Meet Mary. Mary’s a dew-faced twenty-something with aspirations of becoming an author one day. She reads all the time. When something she reads/sees at the movies excites her, she writes when the lights are out and the rest of her household is sleeping comfortably beneath their sheets. A lot of the time it’s fanfiction or self-insertion into existing universes, which is perfectly fine, because HECK. Writers have dabbled in those waters many-a-times, writers will continue to do so, and ALL THE POWER TO YOU, MARY.

Here’s the thing. Mary’s writer aspirations means she turns some of her dabbling into full manuscripts. They’re stories that make her tingle all over (and really, that’s what a lot of us do this for) but Mary wants to see those tingle-stories get on shelves. Only no agent’s ever biting. She’s always missing the boat.

You want to know Mary’s crime? Being too big a fan.

“How can this possibly be a bad thing, Hillary, YOU HIDEOUS JERK?”

Excuse me, just because I haven’t brushed my hair yet doesn’t make me hideous, just a little unkempt, BUT that’s not the point. The point is Mary tends to read OTHER PEOPLE’S STUFF, GET EXCITED ABOUT IT, AND THEN GO OFF TO WRITE STORIES SIMILAR IN TONE. She’s latching onto coattails not because she wants to siphon success from genres/writers she admires, but because ENTHUSIASM. And enthusiasm is awesome, dudes. Writers want people to be enthusiastic, but if you’re an agent or an editor, why would you want to buy EMPTY STOMACH GAMES when you’ve already got HUNGER GAMES? See my point? Getting excited about another author’s work is one thing, but to go and rewrite the story with slight variations in world/characters/theme isn’t going to cut it. Sometimes the success of a mega-hit like TWILIGHT or HUNGER GAMES means that agents and editors are more open to acquiring things in a similar genre, but knock-offs will rarely be picked up. Originality in story/genre is key here.

Here’s the other thing – genre chasing is generally a bad idea. By the time you actually complete a book in the “hot” genre, it’s possible (and even likely) that all the slots for that type of book are taken. I know a lot of people like to read the ever-informative Pub Rants by Kristin Nelson because she’s a doll and puts up lists telling us what editors are looking for, but unless you have something on that list STAT, it’s not necessarily helpful. If it takes you six months to craft the book, don’t you think it’s likely an editor has found another YA Thriller by then? Because people write those fairly regularly. Sure, it’s possible they haven’t found THE RIGHT PROJECT, but it seems a bit risky to me.

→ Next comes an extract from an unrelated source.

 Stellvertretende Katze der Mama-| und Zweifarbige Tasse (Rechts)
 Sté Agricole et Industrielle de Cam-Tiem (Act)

A question I see a lot is, “If that’s the case and trend chasing is bad, what can I hope to sell one day? How do I know what to write?” The answer is simple and not simple at the same time. Write a good book. No, not good, write an AMAZING book. Write an amazing book with such an original twist, no one can accuse you of trying to publish fanfiction or chase someone else’s success. Genre won’t totally nuke you from orbit unless the market is absolutely glutted or there’s an agent/editor’s personal exhaustion factor to contend with, but even then, if you watch PW announcements, you’re going to see books purchased from all walks. Yes, even the glutted genre will get a bite here and there. Maybe it won’t be as many bites as it used to be, but it still happens.

Write the type of story you want, but if you get halfway through it and realize you’re accidentally shadowing someone else’s mega-hit and OH MY GOD, go back and rework it until it’s truly yours. I understand that things like 50 SHADES happen — yes, that was TWILIGHT fanfic where she changed the names — but that’s not a tactic any writer would advise you to duplicate. Because it’s an anomaly. A sticky, girl-porn, mega-selling anomaly.

In short? Don’t trend chase because you’ll be late to the game. Don’t rewrite someone else’s work because it shines through and won’t yield the results you want. Write strong. Write original. Keep trying even when you’re wracking up rejections like Lohan wracks up misdemeanors.

You got this, Mary. YOU CAN DO EET. I BELIEVE IN YOU.